O encontro, articulado pela deputada federal Fernanda Melchionna (PSOL-RS), reuniu 25 parlamentares — em sua maioria mulheres — além de representantes do governo federal, incluindo integrantes do Ministério das Mulheres, do Ministério do Trabalho e da Advocacia-Geral da União (AGU). A reunião ocorre às vésperas do julgamento marcado para o dia 6 de maio.
Em conversa com o ICL Notícias, Melchionna afirmou que o encontro teve caráter estratégico e buscou apresentar, de forma articulada, argumentos jurídicos e técnicos em defesa da lei.
“Foi uma reunião muito representativa. Foram 25 parlamentares, a maioria mulheres, de vários partidos, com representação do Ministério das Mulheres, do Ministério do Trabalho e da AGU. Todos os argumentos apresentados contra a lei foram fartamente rebatidos”, afirmou.
A Lei de Igualdade Salarial, sancionada em 2023, estabelece mecanismos para enfrentar a desigualdade de remuneração entre homens e mulheres. O texto obriga empresas com mais de 100 funcionários a divulgar relatórios de transparência salarial e prevê a adoção de planos de ação quando forem identificadas diferenças injustificadas para funções equivalentes.
Segundo Melchionna, a legislação corrige uma lacuna histórica ao criar instrumentos concretos para garantir um direito já previsto na Constituição.

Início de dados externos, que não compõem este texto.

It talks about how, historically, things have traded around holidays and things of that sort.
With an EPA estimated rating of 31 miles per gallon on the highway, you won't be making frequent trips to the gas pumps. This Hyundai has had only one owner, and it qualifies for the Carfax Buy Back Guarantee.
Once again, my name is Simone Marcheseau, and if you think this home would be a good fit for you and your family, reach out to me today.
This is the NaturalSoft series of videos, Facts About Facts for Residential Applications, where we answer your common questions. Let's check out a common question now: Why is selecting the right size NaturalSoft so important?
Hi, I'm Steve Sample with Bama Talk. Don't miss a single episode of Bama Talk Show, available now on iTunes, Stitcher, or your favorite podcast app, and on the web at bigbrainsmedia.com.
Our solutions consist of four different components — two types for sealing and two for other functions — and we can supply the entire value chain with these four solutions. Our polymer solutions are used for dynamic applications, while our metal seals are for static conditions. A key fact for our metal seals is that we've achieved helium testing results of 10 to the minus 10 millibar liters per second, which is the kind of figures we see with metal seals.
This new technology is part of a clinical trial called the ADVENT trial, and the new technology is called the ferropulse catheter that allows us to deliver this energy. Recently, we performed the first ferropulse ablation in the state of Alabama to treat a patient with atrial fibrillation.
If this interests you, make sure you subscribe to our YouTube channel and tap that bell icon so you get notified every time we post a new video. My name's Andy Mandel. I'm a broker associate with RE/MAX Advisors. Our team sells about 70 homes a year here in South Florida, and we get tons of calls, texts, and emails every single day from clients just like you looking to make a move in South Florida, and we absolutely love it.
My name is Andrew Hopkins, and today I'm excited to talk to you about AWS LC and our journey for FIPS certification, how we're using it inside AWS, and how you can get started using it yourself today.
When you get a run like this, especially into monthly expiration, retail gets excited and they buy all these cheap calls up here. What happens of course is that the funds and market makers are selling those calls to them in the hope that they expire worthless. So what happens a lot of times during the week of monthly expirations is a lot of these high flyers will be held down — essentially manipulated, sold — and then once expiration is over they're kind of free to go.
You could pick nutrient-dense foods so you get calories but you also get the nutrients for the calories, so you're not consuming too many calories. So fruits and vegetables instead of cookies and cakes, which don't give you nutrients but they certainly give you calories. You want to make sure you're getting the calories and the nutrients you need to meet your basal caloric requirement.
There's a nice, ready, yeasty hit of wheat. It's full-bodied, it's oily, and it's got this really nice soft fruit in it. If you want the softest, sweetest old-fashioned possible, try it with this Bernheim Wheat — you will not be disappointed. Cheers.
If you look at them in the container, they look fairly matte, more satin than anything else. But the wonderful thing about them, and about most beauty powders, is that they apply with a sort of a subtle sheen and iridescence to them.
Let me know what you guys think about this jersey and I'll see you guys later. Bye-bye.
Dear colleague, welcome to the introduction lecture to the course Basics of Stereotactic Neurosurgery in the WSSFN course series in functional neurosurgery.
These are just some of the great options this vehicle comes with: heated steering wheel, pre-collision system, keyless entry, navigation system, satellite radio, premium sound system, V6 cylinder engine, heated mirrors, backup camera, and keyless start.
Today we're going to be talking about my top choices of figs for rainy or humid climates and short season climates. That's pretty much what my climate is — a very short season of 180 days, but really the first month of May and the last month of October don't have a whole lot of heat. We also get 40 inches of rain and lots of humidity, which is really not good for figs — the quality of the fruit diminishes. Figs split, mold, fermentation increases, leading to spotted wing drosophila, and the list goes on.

“A igualdade salarial já é um princípio constitucional, mas não havia instrumentos para dar efetividade a esse direito. Não existiam mecanismos mínimos de transparência e correção, e é exatamente isso que a lei estabelece”, disse.
A deputada também rebateu críticas de entidades empresariais que questionam a lei sob o argumento de possível violação à proteção de dados.
“O relatório não é individualizado. A identidade dos trabalhadores é preservada. A própria Autoridade Nacional de Proteção de Dados já afirmou que a proteção está garantida”, declarou.
Ela detalhou ainda que a lei prevê etapas antes da aplicação de sanções, com espaço para correção por parte das empresas.
“As empresas são instadas a se manifestar quando há alguma inconsistência, têm prazo para apresentar um plano de ação e só depois disso podem ser aplicadas medidas administrativas. É um processo gradual, construído ao longo da tramitação da lei”, explicou.
Outro ponto destacado na reunião foi o impacto social da medida, especialmente na autonomia econômica das mulheres.
“A ampla maioria do Congresso aprovou essa lei entendendo a necessidade da autonomia financeira das mulheres, inclusive como forma de romper ciclos de violência”, afirmou.
Durante o encontro, Moraes fez questionamentos sobre os dados utilizados nos relatórios e solicitou acesso aos documentos apresentados pelos parlamentares e pelo governo.
“O ministro pediu informações sobre os relatórios, analisou os dados apresentados e levou todo o material para avaliar antes de proferir o voto”, relatou.
Também foram apresentados documentos técnicos do governo, incluindo estudos do Ministério do Trabalho com dados recentes sobre desigualdade salarial no país, além de pareceres da AGU defendendo a constitucionalidade da lei.
Para Melchionna, a contestação à lei ignora o avanço que a medida representa na tentativa de enfrentar desigualdades estruturais.
“Enquanto os dados mostram que a desigualdade salarial aumentou nos últimos anos, há uma tentativa de desidratar uma lei que busca corrigir essa distorção histórica. Não é aceitável”, disse.
O julgamento no STF deve definir se os mecanismos previstos na legislação — especialmente a obrigatoriedade de transparência salarial — serão mantidos integralmente ou sofrerão alterações, com impacto direto sobre empresas de médio e grande porte em todo o país.